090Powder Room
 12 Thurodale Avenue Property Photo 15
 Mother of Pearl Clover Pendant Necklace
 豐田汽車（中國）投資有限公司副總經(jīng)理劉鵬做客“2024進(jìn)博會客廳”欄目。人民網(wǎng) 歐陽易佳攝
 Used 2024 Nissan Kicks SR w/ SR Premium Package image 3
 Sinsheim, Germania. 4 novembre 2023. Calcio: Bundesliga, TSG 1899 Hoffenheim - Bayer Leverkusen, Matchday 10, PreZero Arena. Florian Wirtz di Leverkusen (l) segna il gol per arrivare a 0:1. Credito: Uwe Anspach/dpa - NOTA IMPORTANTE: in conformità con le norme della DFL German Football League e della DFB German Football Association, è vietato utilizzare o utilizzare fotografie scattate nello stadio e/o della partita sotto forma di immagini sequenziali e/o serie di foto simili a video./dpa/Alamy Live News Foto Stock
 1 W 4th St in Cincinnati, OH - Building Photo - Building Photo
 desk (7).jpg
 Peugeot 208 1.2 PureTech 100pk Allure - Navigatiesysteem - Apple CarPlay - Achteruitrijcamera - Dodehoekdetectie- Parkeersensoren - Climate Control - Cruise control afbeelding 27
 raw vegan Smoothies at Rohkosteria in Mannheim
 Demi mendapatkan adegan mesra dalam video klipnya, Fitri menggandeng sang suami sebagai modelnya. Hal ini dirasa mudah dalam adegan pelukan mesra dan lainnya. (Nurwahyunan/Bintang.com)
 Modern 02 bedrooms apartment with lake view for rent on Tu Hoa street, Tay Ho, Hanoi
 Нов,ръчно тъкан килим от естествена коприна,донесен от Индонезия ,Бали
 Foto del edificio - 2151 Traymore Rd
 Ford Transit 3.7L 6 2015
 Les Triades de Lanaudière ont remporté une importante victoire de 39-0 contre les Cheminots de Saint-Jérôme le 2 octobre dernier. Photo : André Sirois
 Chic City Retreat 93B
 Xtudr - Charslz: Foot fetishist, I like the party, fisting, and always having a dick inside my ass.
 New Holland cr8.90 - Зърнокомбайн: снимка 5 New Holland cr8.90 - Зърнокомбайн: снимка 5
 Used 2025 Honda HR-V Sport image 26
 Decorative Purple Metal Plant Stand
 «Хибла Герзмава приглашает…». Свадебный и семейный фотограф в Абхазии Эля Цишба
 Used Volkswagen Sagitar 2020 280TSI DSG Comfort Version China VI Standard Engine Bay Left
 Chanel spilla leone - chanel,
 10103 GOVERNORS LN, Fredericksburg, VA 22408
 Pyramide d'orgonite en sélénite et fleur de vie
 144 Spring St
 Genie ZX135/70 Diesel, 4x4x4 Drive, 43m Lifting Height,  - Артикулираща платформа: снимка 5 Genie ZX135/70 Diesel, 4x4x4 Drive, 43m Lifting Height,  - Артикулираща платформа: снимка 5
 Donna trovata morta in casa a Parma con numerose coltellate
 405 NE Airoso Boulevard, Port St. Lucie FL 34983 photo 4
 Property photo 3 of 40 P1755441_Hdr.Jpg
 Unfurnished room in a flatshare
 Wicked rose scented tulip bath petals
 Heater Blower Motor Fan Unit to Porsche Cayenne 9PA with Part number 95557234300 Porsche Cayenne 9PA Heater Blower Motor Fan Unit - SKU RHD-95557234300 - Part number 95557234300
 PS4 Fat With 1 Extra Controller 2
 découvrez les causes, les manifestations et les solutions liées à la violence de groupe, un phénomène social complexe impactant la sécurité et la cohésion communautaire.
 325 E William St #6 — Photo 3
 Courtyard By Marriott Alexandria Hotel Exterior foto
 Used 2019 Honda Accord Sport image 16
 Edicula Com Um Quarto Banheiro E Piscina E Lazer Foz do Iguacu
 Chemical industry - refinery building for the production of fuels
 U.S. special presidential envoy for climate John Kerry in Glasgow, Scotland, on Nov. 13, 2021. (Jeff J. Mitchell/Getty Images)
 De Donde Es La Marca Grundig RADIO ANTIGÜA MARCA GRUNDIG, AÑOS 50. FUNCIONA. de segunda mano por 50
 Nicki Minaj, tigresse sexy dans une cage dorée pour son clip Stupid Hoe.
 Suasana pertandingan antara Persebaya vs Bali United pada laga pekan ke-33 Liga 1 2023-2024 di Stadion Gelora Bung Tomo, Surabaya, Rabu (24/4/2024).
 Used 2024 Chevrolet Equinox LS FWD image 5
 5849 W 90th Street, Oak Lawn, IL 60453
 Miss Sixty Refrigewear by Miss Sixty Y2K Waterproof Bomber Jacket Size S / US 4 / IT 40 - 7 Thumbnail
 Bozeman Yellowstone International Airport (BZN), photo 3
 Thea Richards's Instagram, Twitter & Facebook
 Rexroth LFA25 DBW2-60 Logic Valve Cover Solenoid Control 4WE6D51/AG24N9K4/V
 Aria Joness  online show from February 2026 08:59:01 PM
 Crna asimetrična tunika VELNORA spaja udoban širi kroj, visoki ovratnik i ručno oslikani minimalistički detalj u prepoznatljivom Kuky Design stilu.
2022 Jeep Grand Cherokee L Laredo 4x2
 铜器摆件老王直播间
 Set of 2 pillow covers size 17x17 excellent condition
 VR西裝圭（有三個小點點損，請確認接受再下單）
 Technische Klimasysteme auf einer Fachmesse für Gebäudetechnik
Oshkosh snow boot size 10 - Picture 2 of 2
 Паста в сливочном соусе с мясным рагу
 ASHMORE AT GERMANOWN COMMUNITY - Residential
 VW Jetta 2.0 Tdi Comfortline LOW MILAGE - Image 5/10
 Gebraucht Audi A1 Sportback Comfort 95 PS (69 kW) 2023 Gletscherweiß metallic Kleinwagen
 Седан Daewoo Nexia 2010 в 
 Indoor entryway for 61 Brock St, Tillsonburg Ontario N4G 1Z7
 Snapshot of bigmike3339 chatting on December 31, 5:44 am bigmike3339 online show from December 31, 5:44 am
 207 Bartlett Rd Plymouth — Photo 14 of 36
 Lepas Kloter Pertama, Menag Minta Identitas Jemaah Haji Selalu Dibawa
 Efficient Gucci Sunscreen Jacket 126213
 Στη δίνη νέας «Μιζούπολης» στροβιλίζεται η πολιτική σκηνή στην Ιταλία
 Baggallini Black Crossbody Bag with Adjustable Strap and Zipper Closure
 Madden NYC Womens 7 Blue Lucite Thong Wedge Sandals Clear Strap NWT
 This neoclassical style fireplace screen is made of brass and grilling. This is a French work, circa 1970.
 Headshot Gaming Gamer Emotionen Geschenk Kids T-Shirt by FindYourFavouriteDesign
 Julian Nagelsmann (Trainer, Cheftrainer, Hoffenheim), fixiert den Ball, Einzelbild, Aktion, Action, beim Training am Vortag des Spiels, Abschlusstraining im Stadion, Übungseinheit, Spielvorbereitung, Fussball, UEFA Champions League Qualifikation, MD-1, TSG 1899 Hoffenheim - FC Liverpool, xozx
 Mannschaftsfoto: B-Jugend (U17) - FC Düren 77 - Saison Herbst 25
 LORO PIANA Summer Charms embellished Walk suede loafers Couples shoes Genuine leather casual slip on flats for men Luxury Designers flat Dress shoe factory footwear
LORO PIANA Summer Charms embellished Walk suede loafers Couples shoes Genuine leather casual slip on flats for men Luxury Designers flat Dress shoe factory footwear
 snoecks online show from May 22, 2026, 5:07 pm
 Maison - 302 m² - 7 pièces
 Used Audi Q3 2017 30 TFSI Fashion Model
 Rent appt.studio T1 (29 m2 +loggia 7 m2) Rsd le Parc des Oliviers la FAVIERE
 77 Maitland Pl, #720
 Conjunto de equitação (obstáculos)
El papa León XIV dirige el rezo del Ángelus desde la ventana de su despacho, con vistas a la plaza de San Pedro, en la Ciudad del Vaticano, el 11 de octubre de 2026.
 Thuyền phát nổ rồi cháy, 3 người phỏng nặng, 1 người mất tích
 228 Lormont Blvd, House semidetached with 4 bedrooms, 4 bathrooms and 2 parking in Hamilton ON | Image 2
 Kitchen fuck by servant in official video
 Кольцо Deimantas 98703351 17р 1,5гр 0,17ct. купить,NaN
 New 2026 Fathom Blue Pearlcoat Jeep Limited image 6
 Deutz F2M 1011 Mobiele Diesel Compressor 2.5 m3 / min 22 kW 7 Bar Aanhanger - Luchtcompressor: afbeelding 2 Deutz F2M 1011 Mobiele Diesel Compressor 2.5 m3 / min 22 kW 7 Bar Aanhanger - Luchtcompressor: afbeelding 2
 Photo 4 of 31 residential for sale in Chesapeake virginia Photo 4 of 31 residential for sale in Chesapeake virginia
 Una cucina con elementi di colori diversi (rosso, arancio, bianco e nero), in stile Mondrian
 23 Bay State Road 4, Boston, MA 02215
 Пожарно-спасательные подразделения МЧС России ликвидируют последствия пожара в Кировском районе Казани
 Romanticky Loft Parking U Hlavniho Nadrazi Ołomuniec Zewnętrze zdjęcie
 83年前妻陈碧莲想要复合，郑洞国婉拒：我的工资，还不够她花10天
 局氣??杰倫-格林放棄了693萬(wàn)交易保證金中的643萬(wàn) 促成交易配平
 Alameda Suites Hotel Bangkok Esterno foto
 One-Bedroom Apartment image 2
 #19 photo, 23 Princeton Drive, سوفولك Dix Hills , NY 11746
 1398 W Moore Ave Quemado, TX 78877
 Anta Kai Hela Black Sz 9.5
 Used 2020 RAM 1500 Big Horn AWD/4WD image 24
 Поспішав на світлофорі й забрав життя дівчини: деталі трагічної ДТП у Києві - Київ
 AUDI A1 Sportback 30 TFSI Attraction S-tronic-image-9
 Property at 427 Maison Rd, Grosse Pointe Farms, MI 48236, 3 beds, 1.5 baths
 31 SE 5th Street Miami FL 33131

——————

**Exercise**
Retype the entries above exactly, but only from the line containing "Oshkosh snow boot size 10 - Picture 2 of 2" through the line containing "207 Bartlett Rd Plymouth — Photo 14 of 36", both included.

**Answer**
Oshkosh snow boot size 10 - Picture 2 of 2
 Паста в сливочном соусе с мясным рагу
 ASHMORE AT GERMANOWN COMMUNITY - Residential
 VW Jetta 2.0 Tdi Comfortline LOW MILAGE - Image 5/10
 Gebraucht Audi A1 Sportback Comfort 95 PS (69 kW) 2023 Gletscherweiß metallic Kleinwagen
 Седан Daewoo Nexia 2010 в 
 Indoor entryway for 61 Brock St, Tillsonburg Ontario N4G 1Z7
 Snapshot of bigmike3339 chatting on December 31, 5:44 am bigmike3339 online show from December 31, 5:44 am
 207 Bartlett Rd Plymouth — Photo 14 of 36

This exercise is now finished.